This article first appeared here on TheHill.com.
About two miles from London’s Buckingham Palace stands a majestic building that houses five floors of exhibits that provide a comprehensive and compelling chronicle of World Wars I and II. Evident within the walls of the Imperial War Museum is a national, overarching principle that carried Great Britain successfully through two world wars in spite of the loss of thousands of lives. That principle, freedom — vitally affirmed by other Allied nations in those two important wars — is as relevant today as it was then.
Beneath the stone floor of Westminster Abbey lies the tomb of the Unknown Warrior, a British World War I soldier. Inside the abbey’s entrance and above the tomb, surrounded by the names of such prominent British leaders as former Prime Ministers Winston Churchill and Clement Atlee buried or commemorated there, appear words that speak to the necessity of resilience in the face of mortal danger to mankind.
World War II’s seriousness is dramatically illustrated by viewing the Churchill War Rooms in an underground Westminster bunker covered by a 30-foot slab of concrete. Through the sights and sounds of war there, one can feel the danger that lurked above London during World War II as German planes bombed the city. Below, Great Britain’s Churchill and his military experts plotted the British response to Axis aggression. Churchill’s encouragement to his countrymen gave them hope, but the deadly nature of the evil German threat remained — the life and liberty of mankind was at stake. Largely self-sufficient underground, with Allied forces dependent on the plotting that occurred there, Churchill recognized the Nazi menace and spoke of it, both before and after it became evident to the world. He was unafraid of offending Germans and others of German heritage, calling Hitler what he was — evil and dangerous to a free world.

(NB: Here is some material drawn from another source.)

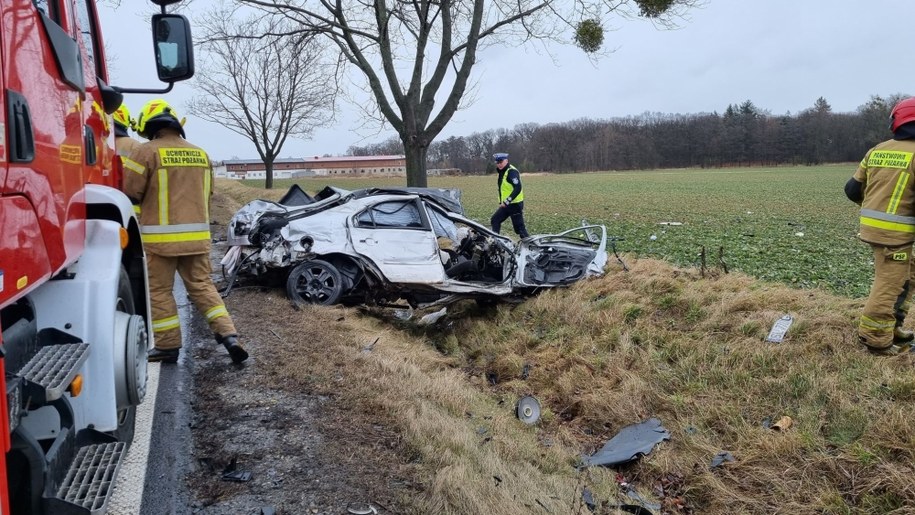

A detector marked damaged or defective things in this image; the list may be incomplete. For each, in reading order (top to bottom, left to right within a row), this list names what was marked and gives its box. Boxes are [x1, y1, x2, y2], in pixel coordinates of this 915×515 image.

damaged car front end [221, 184, 608, 308]
wrecked white car [222, 184, 608, 306]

Today, the evil of Islamic terror infects the orderly world. And today’s question begs an answer from free people everywhere: What does freedom require of current leaders in the face of growing evil?

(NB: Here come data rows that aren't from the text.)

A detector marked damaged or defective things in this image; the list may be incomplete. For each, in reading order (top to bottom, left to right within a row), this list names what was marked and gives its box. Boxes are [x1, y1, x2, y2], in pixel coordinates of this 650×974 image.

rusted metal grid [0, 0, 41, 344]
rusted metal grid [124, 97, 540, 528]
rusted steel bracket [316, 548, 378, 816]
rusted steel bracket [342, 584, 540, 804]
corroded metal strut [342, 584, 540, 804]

World War II had an international leader who believed deeply in freedom and was willing to persuade other co-equal, international leaders of the imminent German threat. Had not Churchill courageously sounded freedom’s alarm and persuaded other leaders, including President Franklin Roosevelt, to fight such evil, today’s free world would have suffered from oppression that comes from brutality and prejudice. The free world requires an advocate like Churchill who will stand as a bulwark against oppression.
By its very names — the Islamic State in Iraq and Syria (ISIS) or the alternative Islamic State of Syria and the Levant (ISIL) — Islam is at the heart of ISIS efforts. Islamic terror subverts traditional Islamic principles. Reluctant to identify the growing threat by militant terrorists, who behead and blow up innocents with impunity and without a hint of conscience, President Obama has been properly criticized for failing to call Islamic terrorists what they are: Islamic terrorists. Unlike Churchill in World War II, who opposed the appeasement of Hitler by those who downplayed the threat he posed, Obama is excessively deferential to today’s enemies of freedom, the growing group of Islamic terrorists who spread their brutality under the dignified Islamic banner. He can easily articulate the difference between terrorists and millions of faithful Islamic followers who don’t subscribe to the terrorists’ barbaric acts, but his silence is evident of his fear of offending Muslims in general. His silence also underplays the threat he is charged with repelling. If Obama dares to utter the words “Islamic terrorists,” no Muslim will be confused by his intentions. Failing to do so only feeds the president’s reputation for unfounded intransigence. Not recognizing evil when it confronts the world ignores World War II’s history.
American presidents have a loud microphone — when one speaks, people listen. Obama’s failure to define the terrorists for what they are may not matter to most idealists, but his failures feed existing suspicions that he isn’t waging an effective fight against either terrorists or terrorism. When Churchill called out Adolf Hitler as evil and threatening, some doubted, but most then heeded his warnings and mobilized to counter the worldwide Axis threat. As a result, the terror of Nazism was stopped.
Winston Churchill once said: “It’s not enough that we do our best: sometimes we have to do what’s required.” President Obama should do what is required: speak in overarching terms founded on freedom. Only then will he inspire the world to mobilize the force necessary to defeat the evils of ISIS.
Nethercutt is a former U.S. representative from Washington state, serving from 1995 to 2005.